I do love it here so far. 
We are renting our house with the option to buy after 1 year.  we'll see!

I'm happy I still have Levi. I miss all the other torts at times...but I made the right choice just keeping 1.


----------



## guanyulugui (Nov 27, 2014)

love that guy


----------



## Team Gomberg (Nov 27, 2014)

(Thanks to the mod who fixed my title)

I love this guy, too. I gotta post some of his first photos...so you can see his transition


----------



## Jodie (Nov 27, 2014)

He is beautiful Heather! How much does he weigh? he is already a bit bigger than my almost 6 year old Mort, aka: Pig Pen. A lot smoother too. Sure wish I would have found this forum 6 years ago instead of just 1 year ago. Mort is just right at 9 inches and 4.3 pounds.


----------



## Team Gomberg (Nov 27, 2014)

Last I weighed him, he was over 5lbs.. 

Levi is a smooth leopard with 1 pyramid...lol. I raised him in a 40gallon closed chamber. Then, shortly after he turned 1, I created a "night chamber" for him. Since he lived outside all day long I made a smaller closed chamber for him to sleep in. I thought it was a win-win. He'd still have the humid conditions and I'd save space with using a 10gallon tank. After all, it's just for sleeping, right? ...wrong. 
I had a CHE placed over the center. It was plugged into a thermostat set for 80F. I had damp coir substrate and my digital hydrometer displayed an average of 90%. 
Well, with the small space, Levi couldn't get away from the CHE. He'd sleep face in a corner with his 4th vertebral scute right under the CHE. Even though the tank had high humidity, I didn't realize the humidity under the CHE was so low.. and I started to see one his vertebral scutes spike up. All of this was right around the time Frances, @lilacdragon joined and enlightened us with details about the desiccating effects of indoor heat sources.
I ditched the small tank and set up a 55 gallon tote closed chamber instead and he slept in that until he was large enough to move outside full time and sleep in his heated house. 

Sorry Levi...that was my fault.


----------



## Team Gomberg (Nov 27, 2014)

If you look, you'll see his pyramid is between the 3rd and 4th vertebral scutes...


----------



## Jodie (Nov 27, 2014)

He is beautiful. I love my Mort and he is definitely not perfect.

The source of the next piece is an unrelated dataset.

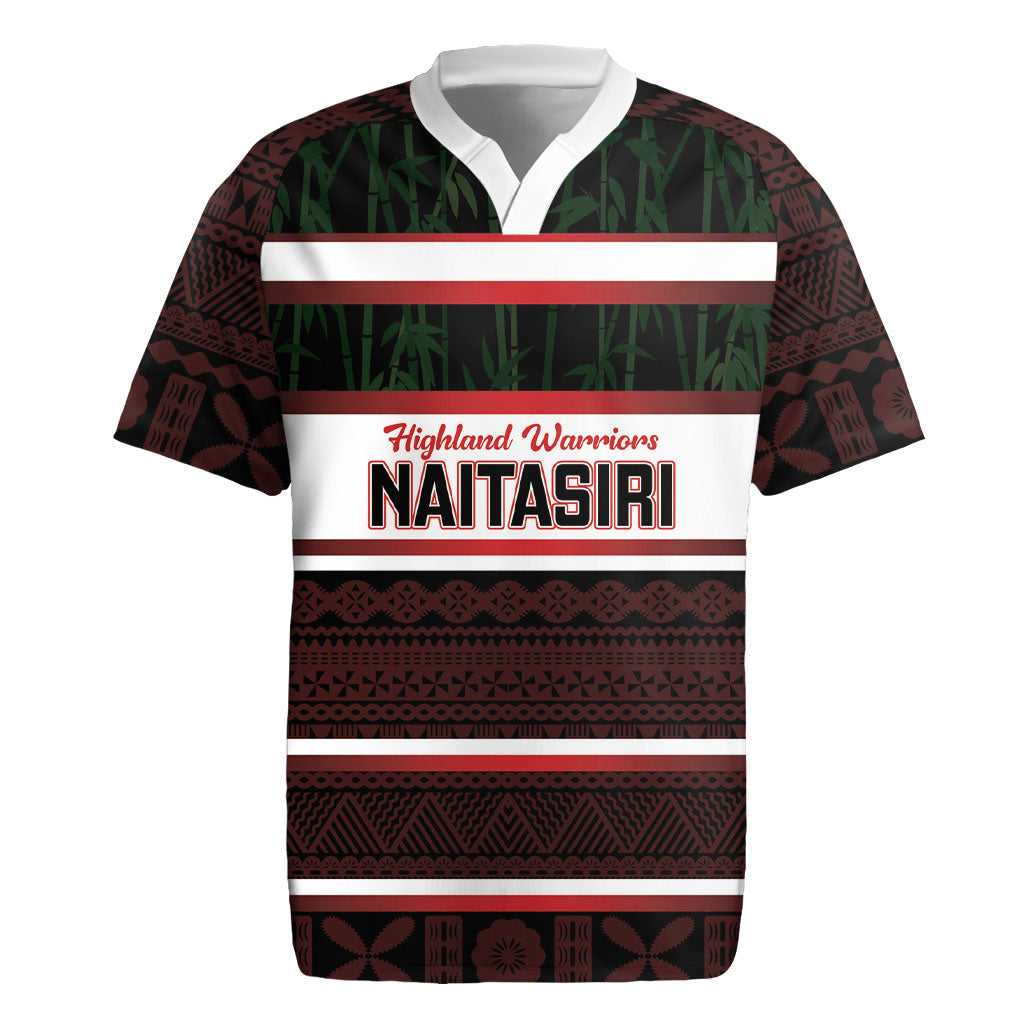 Naitasiri Fiji 2026 Rugby Custom Rugby Jersey Highland Warriors Fijian Tapa Pattern LT14 Black - Polynesian Pride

He even has dog scars to go with his pyramids. I was not a good mommy for the first four years of his life.


----------



## bouaboua (Nov 27, 2014)

That is a true beauty! ! ! ! very health looking and very big. I hope my can be that pretty one day.


----------



## Team Gomberg (Nov 27, 2014)

You have humid raised leopards too, right?
Hi mort!


----------



## naturalman91 (Nov 27, 2014)

glad to see levi is doing good hope the weather doesn't drive him to crazy


----------



## Jodie (Nov 27, 2014)

I have 4 under year that are being raised humid. Mort is now as well.


----------



## Team Gomberg (Dec 2, 2014)

Levi's beautiful speckled skin!


----------



## Team Gomberg (Dec 2, 2014)

Btw, it was very hard to hold him with 1 hand for these photos!


----------